1. ‘The earth does not belong to man, man belongs to the earth. All things are connected like the blood that unites us all. This we know. Man did not weave the web of life, he is merely a strand in it. Whatever he does to the web, he does to himself ’ (Chief Seathl; Gifford, Citation2015, p. 86).

2. The IPCC was set up by the United Nations and the World Meteorological Organisation in 1988.

3. Climate change brought about by human interaction with the Earth (burning of fossil fuels, increase in greenhouse gases, deforestation), as opposed to more natural climatic factors (Earth’s orbital path around the sun, glacial advances). The ‘Anthropocene Epoch’ is described as a geological epoch where human activity has determined its character and make-up. Attenborough (Citation2020) suggests that today’s rock formations will likely contain fragments of plastic and nuclear plutonium, for example.

4. At the time of writing, evidence appeared in the press that in the 1970s, ExxonMobil funded their own scientific research into climate change and fossil fuel usage with breathtakingly accurate figures, predicting our current situation in terms of the egregious impact on the climate of carbon emissions. The cover-up of this information appears to go beyond denial and to something more malevolent. This knowledge was not only turned a blind eye to, but was knowingly concealed, to the extent that for 30 years or more, ExxonMobil and others funded campaigns and drives to deny and attack scientists, environmental and climate groups who were merely pointing to the same evidence that they themselves had earlier discovered.

5. Radovanovic and Spasic’s (Citation2022) research looked at changes in the value orientations of adolescents between 1972 and 2018 in Belgrade. The results obtained, based on a study of 832 teenage school students, showed that hedonistic behaviours remained stable through this period, while activist and altruistic value orientations decreased. Interestingly, there was a significant increase in utilitarian value orientations that advocate actions fostering happiness, in opposition to actions that cause harm.

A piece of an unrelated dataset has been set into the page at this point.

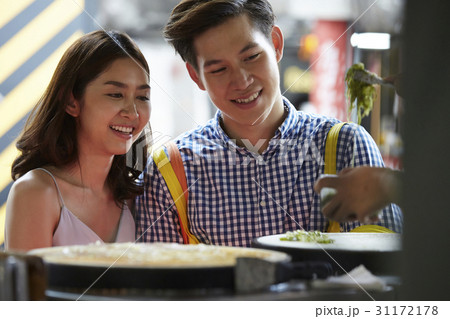 a couple is happily looking at someone making food a couple is happily looking at someone making food 31172178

6. To ensure anonymity, Perdu is not the patient’s real name. Perdu gave both written and verbal consent for the clinical material to be used in this paper. The patient had been provided with a full draft of the paper, prior to giving their consent.

7. The recent IPCC report (March 2023) has scientists plainly warning that we will exceed the average global temperature 1.5C above preindustrial levels by the first half of the 2030s. There is however hope that our current course can shift, but would require halving greenhouse gases by 2030. The report was signed by 195 countries and a greater sense of consensus through discussion that recognises the risks to the planet are a hopeful sign as with an agreement between nations to protect ocean life, which was also signed in March 2023.

Additional information

Notes on contributors

Peter Slater

Peter Slater is a member of the ACP and works in private practice. He is a Visiting Lecturer at the Tavistock Clinic in London and at Heguang University in China.